Decision making is arguably the most important job of the senior executive and one of the easiest to get wrong. It doesn’t have to be that way—if you look at the process in a whole new light.
Leaders show their mettle in many ways—setting strategy and motivating people, just to mention two—but above all else leaders are made or broken by the quality of their decisions. That’s a given, right? If you answered yes, then you would probably be surprised by how many executives approach decision making in a way that neither puts enough options on the table nor permits sufficient evaluation to ensure that they can make the best choice. Indeed, our research over the past several years strongly suggests that, simply put, most leaders get decision making all wrong.
The reason: Most businesspeople treat decision making as an event—a discrete choice that takes place at a single point in time, whether they’re sitting at a desk, moderating a meeting, or staring at a spreadsheet. This classic view of decision making has a pronouncement popping out of a leader’s head, based on experience, gut, research, or all three. Say the matter at hand is whether to pull a product with weak sales off the market. An “event” leader would mull in solitude, ask for advice, read reports, mull some more, then say yea or nay and send the organization off to make it happen. But to look at decision making that way is to overlook larger social and organizational contexts, which ultimately determine the success of any decision.
The fact is, decision making is not an event. It’s a process, one that unfolds over weeks, months, or even years; one that’s fraught with power plays and politics and is replete with personal nuances and institutional history; one that’s rife with discussion and debate; and one that requires support at all levels of the organization when it comes time for execution. Our research shows that the difference between leaders who make good decisions and those who make bad ones is striking. The former recognize that all decisions are processes, and they explicitly design and manage them as such. The latter persevere in the fantasy that decisions are events they alone control.
In this article, we’ll explore how leaders can design and manage a sound, effective decision-making process—an approach we call inquiry—and outline a set of criteria for assessing the quality of the decision-making process. First, a look at the process itself.
Decisions as Process: Inquiry Versus Advocacy
Not all decision-making processes are equally effective, particularly in the degree to which they allow a group to identify and consider a wide range of ideas. In our research, we’ve seen two broad approaches. Inquiry, which we prefer, is a very open process designed to generate multiple alternatives, foster the exchange of ideas, and produce a well-tested solution.
Unfortunately, this approach doesn’t come easily or naturally to most people. Instead, groups charged with making a decision tend to default to the second mode, one we call advocacy. The two look deceptively similar on the surface: groups of people, immersed in discussion and debate, trying to select a course of action by drawing on what they believe is the best available evidence. But despite their similarities, inquiry and advocacy produce dramatically different results.

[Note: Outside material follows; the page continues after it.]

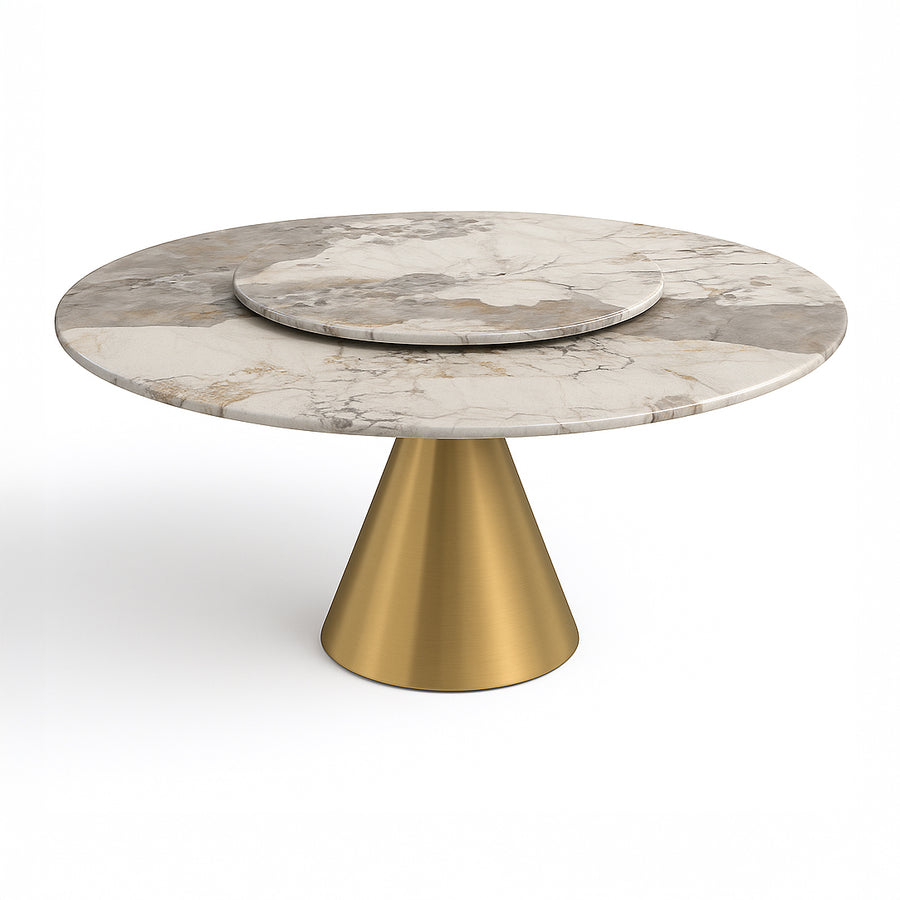 CRESSIDA Marble Round Dining Table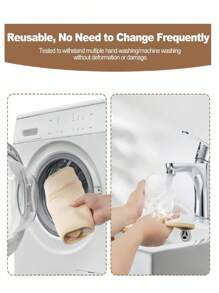 2pcs/Set Reusable Castor Oil Compress Kits, Waist And Neck Protect And Abdominal Support Suit,With Adjustable Elastic Shoulder Straps, Machine Washable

When a group takes an advocacy perspective, participants approach decision making as a contest, although they don’t necessarily compete openly or even consciously. Well-defined groups with special interests—dueling divisions in search of budget increases, for example—advocate for particular positions. Participants are passionate about their preferred solutions and therefore stand firm in the face of disagreement. That level of passion makes it nearly impossible to remain objective, limiting people’s ability to pay attention to opposing arguments. Advocates often present information selectively, buttressing their arguments while withholding relevant conflicting data. Their goal, after all, is to make a compelling case, not to convey an evenhanded or balanced view. Two different plant managers pushing their own improvement programs, for example, may be wary of reporting potential weak points for fear that full disclosure will jeopardize their chances of winning the debate and gaining access to needed resources.
What’s more, the disagreements that arise are frequently fractious and even antagonistic.
Personalities and egos come into play, and differences are normally resolved through battles of wills and behind-the-scenes maneuvering. The implicit assumption is that a superior solution will emerge from a test of strength among competing positions. But in fact this approach typically suppresses innovation and encourages participants to go along with the dominant view to avoid further conflict.